Prompt: From the first line to the last, set down the material exactly, leaving out its pictures.

Source data:
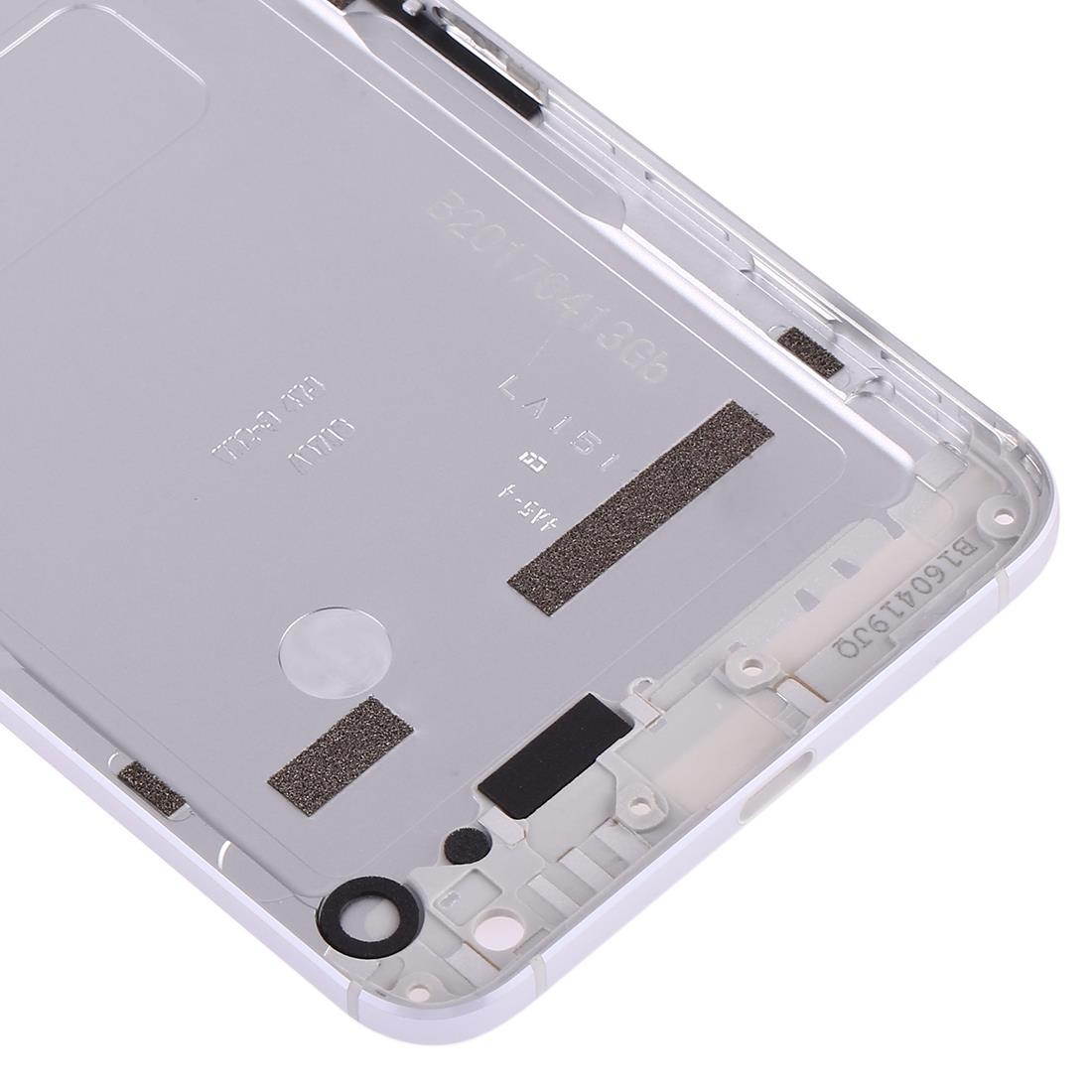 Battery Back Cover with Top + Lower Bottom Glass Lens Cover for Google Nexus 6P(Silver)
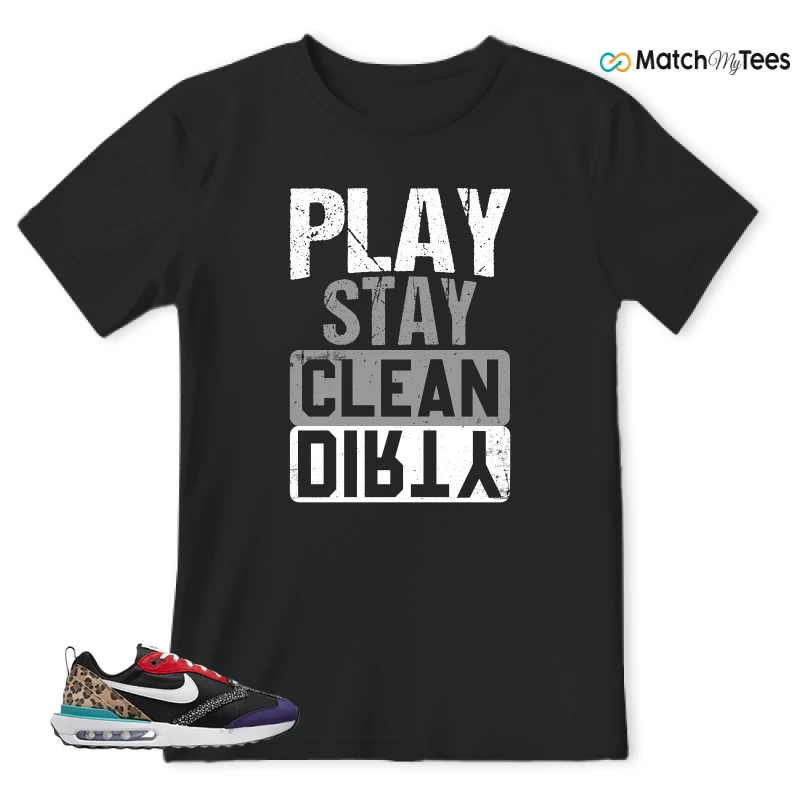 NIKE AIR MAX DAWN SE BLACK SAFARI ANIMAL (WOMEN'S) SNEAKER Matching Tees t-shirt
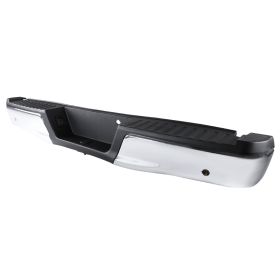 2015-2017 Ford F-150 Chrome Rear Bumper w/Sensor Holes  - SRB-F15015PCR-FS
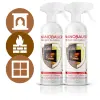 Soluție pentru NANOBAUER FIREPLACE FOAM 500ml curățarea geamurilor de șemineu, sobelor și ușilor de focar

Exercise result:
 Battery Back Cover with Top + Lower Bottom Glass Lens Cover for Google Nexus 6P(Silver)
 NIKE AIR MAX DAWN SE BLACK SAFARI ANIMAL (WOMEN'S) SNEAKER Matching Tees t-shirt
 2015-2017 Ford F-150 Chrome Rear Bumper w/Sensor Holes  - SRB-F15015PCR-FS
 Soluție pentru NANOBAUER FIREPLACE FOAM 500ml curățarea geamurilor de șemineu, sobelor și ușilor de focar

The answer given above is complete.